In this study, we used isolated primary cells from different bovine tissues to produce composite scaffolds containing tissue-specific ECM on a synthetic fiber mat and demonstrated that these ECMs indeed have differential compositions. Furthermore, these ECMs influenced the differentiation of hMSCs in the presence and absence of growth factors and promoted differentiation towards the linage that the primary cells were isolated from. Our current results indicated that tissue-specific ECM and microenvironment are important to promote tissue-specific stem cell differentiation.

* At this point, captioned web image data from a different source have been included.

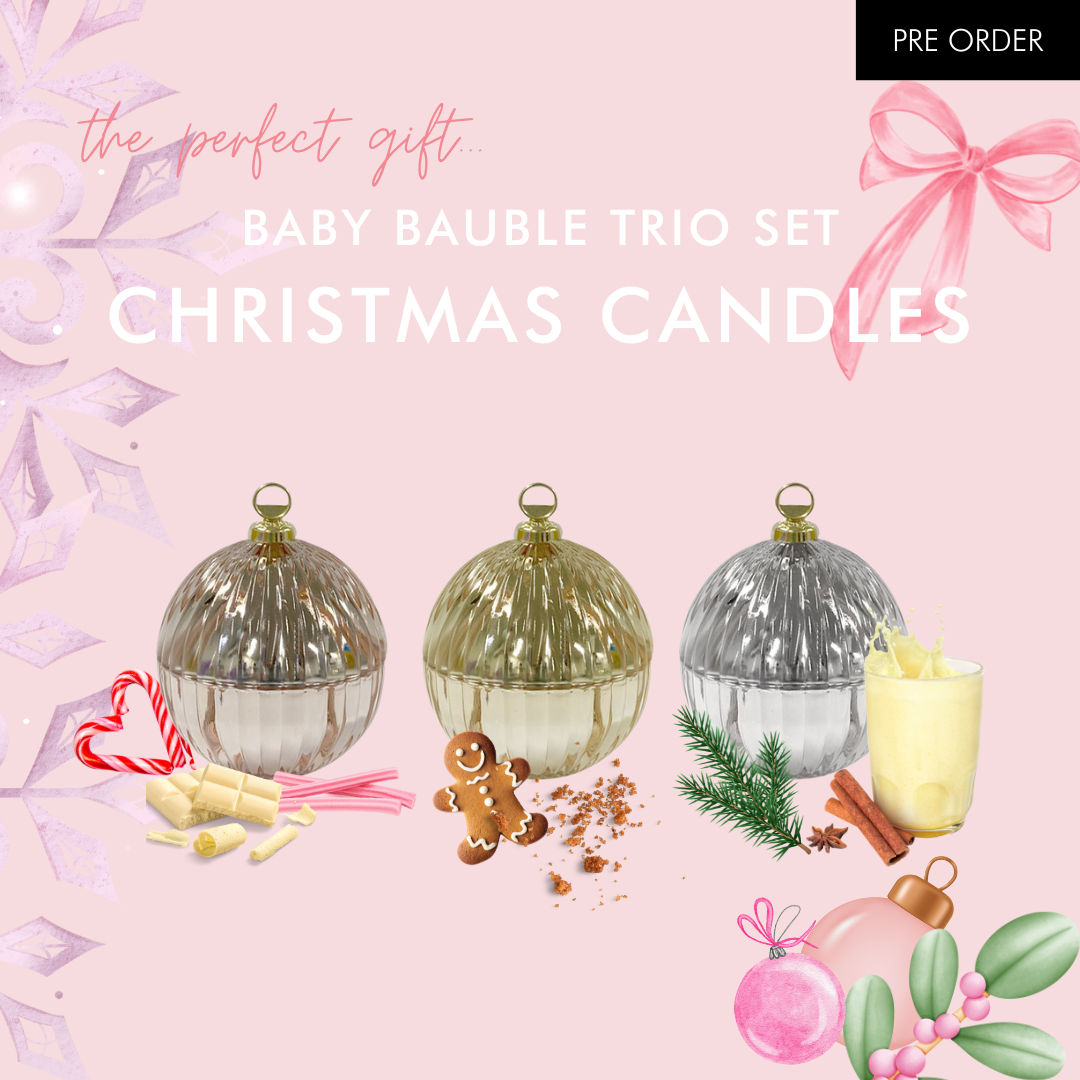 Christmas Candle Trio Baby Baubles | MODERN COLOURS ** PRE ORDER **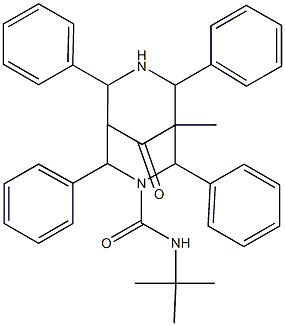 N-tert-Butyl-5-methyl-9-oxo-2,4,6,8-tetraphenyl-3,7-diazabicyclo[3.3.1]nonane-3-carboxamide Struktur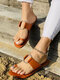 Plus Size Women Fashion Casual Summer Beach Vacation Thumb Slippers - Brown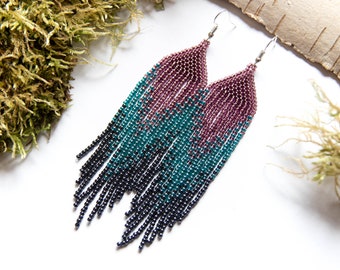 Beaded long earrings Ombre earrings Fringe beaded earrings Boho earrings Ombre Purple teal dark blue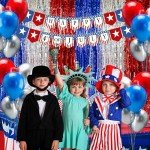 Patriotic Foil Fringe Backdrop Curtains - 2 Packs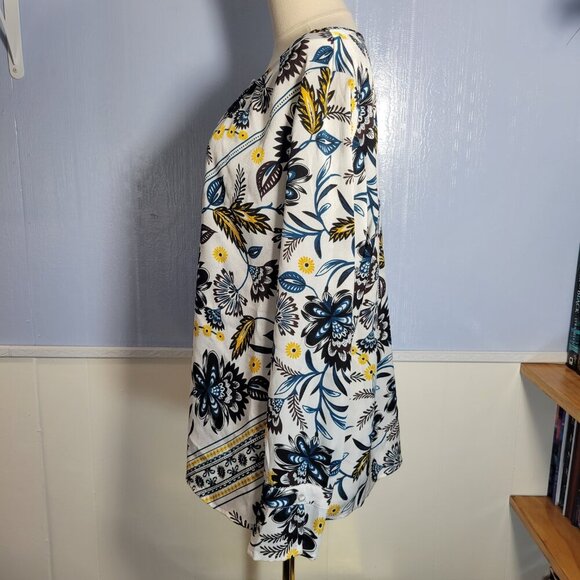 Liz Claiborne Career Extra Large Blue Yellow Floral Round Neck Longsleeve Blouse - Picture 7 of 9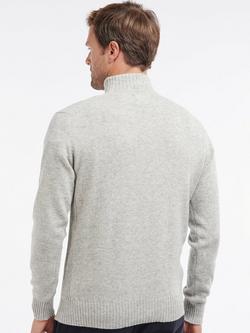 Barbour Essential Lambswool Half Zip Jumper - view 2, Light Grey Marl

The decellularized ECM-fiber mats developed in this study can simplify the mechanistic studies to address individual ECM components on the tissue-specific guidance. The quantity of particular ECM components in cell-assembled ECMs can be modulated by either the addition of additional exogenous ECM components such as FN or stimulated over expression of proteins such as collagens [28, 29]. By modulating the ECM composition, the role of individual ECM components in influencing the cellular behaviors may be determined.

The composite scaffold fabrication protocol can be easily modified to make composite scaffolds with tunable degradability. Electrospun fiber mats can be prepared using tyrosine-derived polymers with different degradation rates [22]. Composite scaffolds with tuned degradation can be developed to meet specific regeneration requirements of the targeted tissue.

In this study, ECMs derived from primary animal cells (i.e. bovine) drove human MSC to differentiate towards to the linage of the source tissues. This suggests that a possibility to use readily available xenogenic primary cells to make decellularized composite scaffolds for human tissue repair.

We established a simple system to make cell-instructive 3D ECM/polymer composite scaffolds. These composite scaffolds are useful tools to understand tissue-specific regeneration and may guide the design of regenerative scaffolds for clinical uses.